Molecular dynamics simulation and experimental investigation of the geometrical morphology development of injection-molded nanopillars on polymethylmethacrylate surface

Abstract

Injection molding is one of the most promising techniques to fabricate polymeric parts with functional surface nanostructures in large numbers. The replication fidelity of nanostructures directly affects their efficiency. In this study, molecular dynamics (MD) simulation and experimental trial for injection molding nanopillars on polymethylmethacrylate (PMMA) surface were constructed in both injection and packing phases. The filling process was investigated by analyzing the snapshots, densities and gyration radiuses. Influences of packing parameters on geometrical morphology were studied. Results showed that the central area of nanopillars was almost voided during the injection phase and polymer melt could barely flow into nano-cavity.
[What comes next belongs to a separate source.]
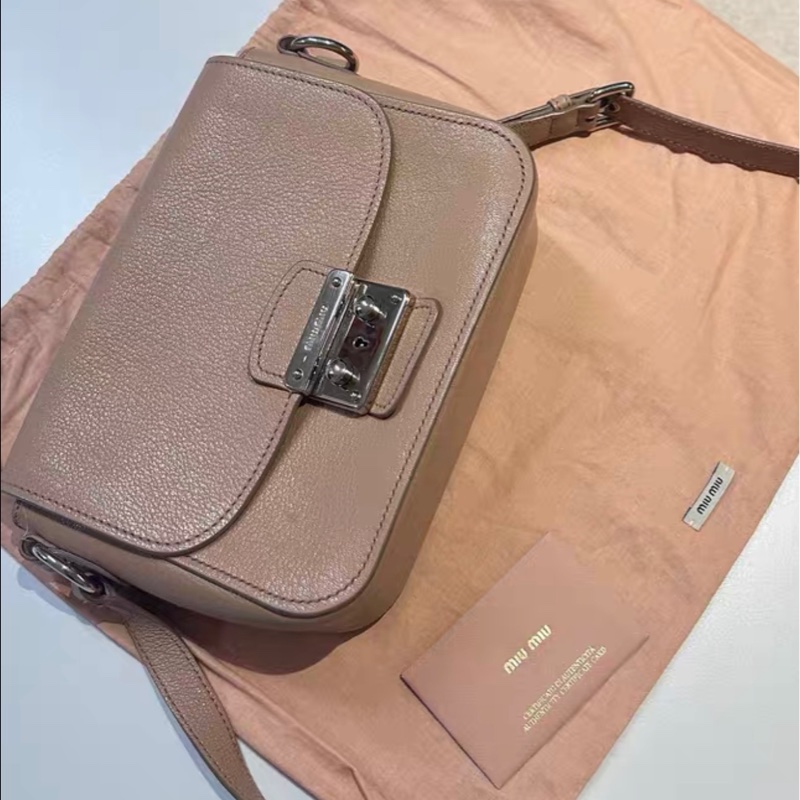 【96%新 ✨ 全網最低價!】miumiu 單肩包 牛皮 肉粉色 (下單前請先確認細節和存貨 ❤️)-0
Only the edge area was filled in injection phase and circular structure was observed on the top surface in the experiments. Complete filling was mainly achieved in packing phase. PMMA molecules were stretched along the sidewall and gradually enriched due to the nonbonded interactions. Molecules near the cavity surface were highly oriented along the flow direction. The circular structures were increasingly obscure with a higher packing. PMMA melt was adsorbed on cavity surface because of the lyophilicity of nickel mold insert. Experimental study provided consistent regulation with MD simulation in geometrical morphology development of injection-molded nanopillars on PMMA surface.